Mach Sebastian, Storozynski Pamela, Halama Josephine, Krems Josef F
Research Group Cognitive and Engineering Psychology, Chemnitz University of Technology, Germany.
Research Group Cognitive and Engineering Psychology, Chemnitz University of Technology, Germany.
Appl Ergon. 2022 Nov;105:103855. doi: 10.1016/j.apergo.2022.103855. Epub 2022 Aug 10.
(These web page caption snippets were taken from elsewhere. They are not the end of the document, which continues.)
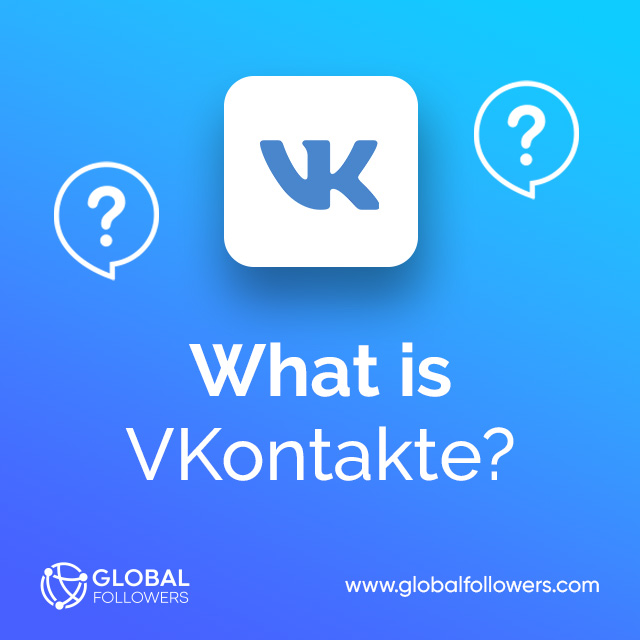 What is VKontakte?
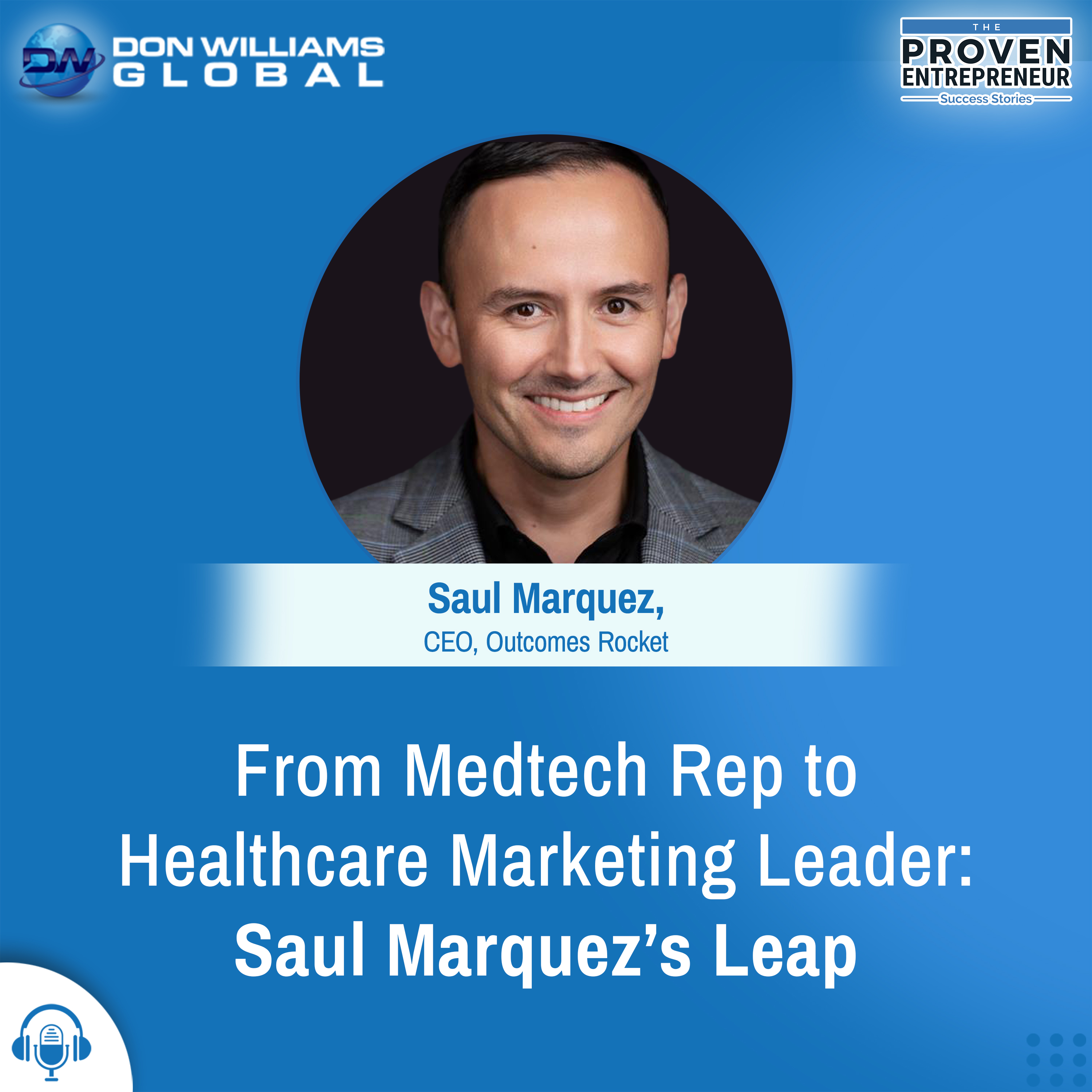 From Medtech Rep to Healthcare marketing Leader Saul Marquez's Leap - The Proven Entrepreneur Show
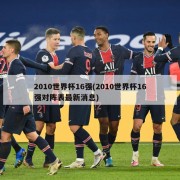 2010世界杯16强(2010世界杯16强对阵表最新消息)
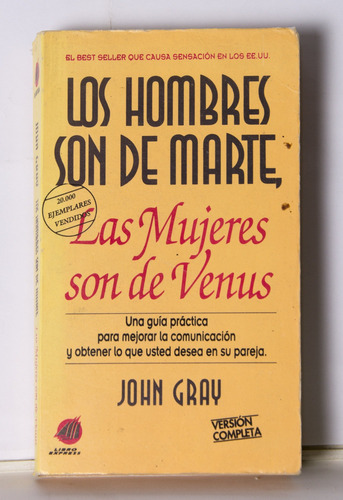 Los Hombres Son De Marte, Las Mujeres De Venus. John Gray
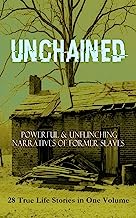 UNCHAINED - Powerful & Unflinching Narratives Of Former Slaves: 28 True Life Stories in One Volume: Including Hundreds of Documented Testimonies, Records ... South & History of Abolitionist Movement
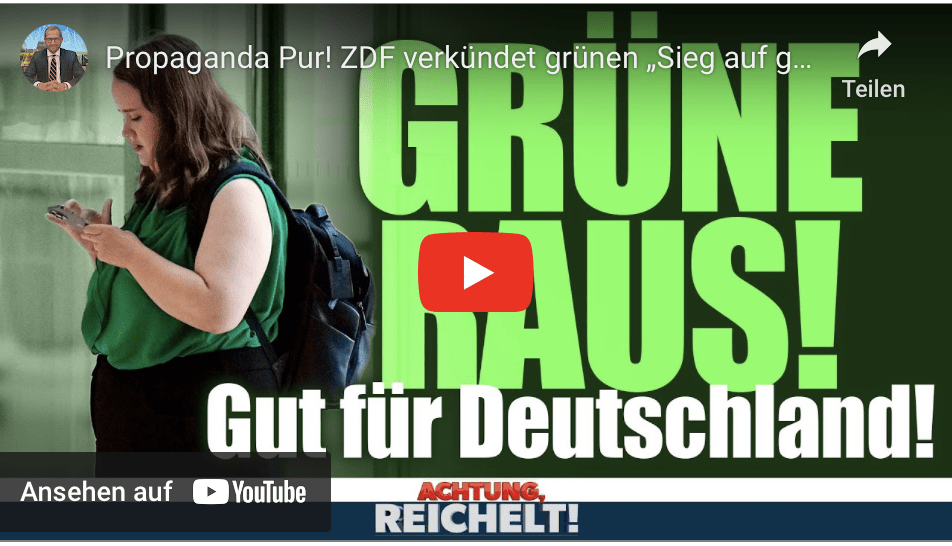 Propaganda Pur! ZDF verkündet grünen „Sieg auf ganzer Linie“ | Achtung, Reichelt! vom 23.09.2023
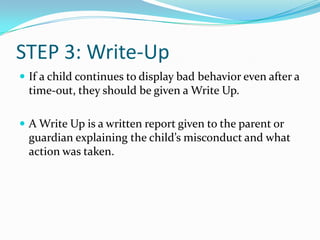 STEP 3: Write-Up
If a child continues to display bad behavior even after a
time-out, they should be given a Write Up.
A Write Up is a written report given to the parent or
guardian explaining the child’s misconduct and what
action was taken.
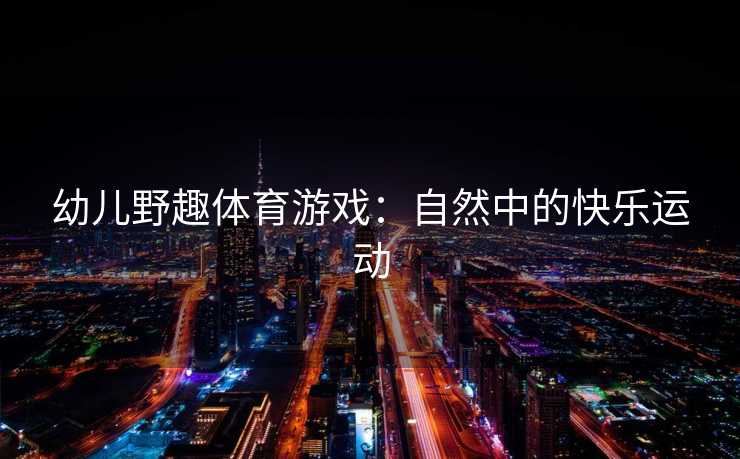 幼儿野趣体育游戏：自然中的快乐运动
Wearable devices are increasingly used for assessing physiological data. Industry 4.0 aims to achieve the real-time assessment of the workers' condition to adapt processes including the current mental workload. Mental workload can be assessed via physiological data. This paper researches the potential of wearable devices for mental workload assessment by utilizing heart rate and motion data collected with a smartwatch. A laboratory study was conducted with four levels of mental workload, ranging from none to high and during sitting and stepping activities. When sitting, a difference in the heart rate and motion data from the smartwatch was only found between no mental workload and any mental workload task. For the stepping condition, differences were found for the movement data. Based on these results, wearable devices could be useful in the future for detecting whether a mental demanding task is currently performed during low levels of physical activity.
可穿戴设备越来越多地用于评估生理数据。工业4.0旨在实现对工人状况的实时评估,以调整包括当前心理负荷在内的流程。心理负荷可以通过生理数据进行评估。本文通过利用智能手表收集的心率和运动数据,研究了可穿戴设备在心理负荷评估方面的潜力。进行了一项实验室研究,设置了四个心理负荷水平,从无到高,涵盖坐着和行走活动。坐着时,仅在无心理负荷和任何心理负荷任务之间发现了智能手表的心率和运动数据存在差异。对于行走状态,在运动数据方面发现了差异。基于这些结果,可穿戴设备未来可能有助于检测在低水平身体活动期间是否正在执行需要脑力的任务。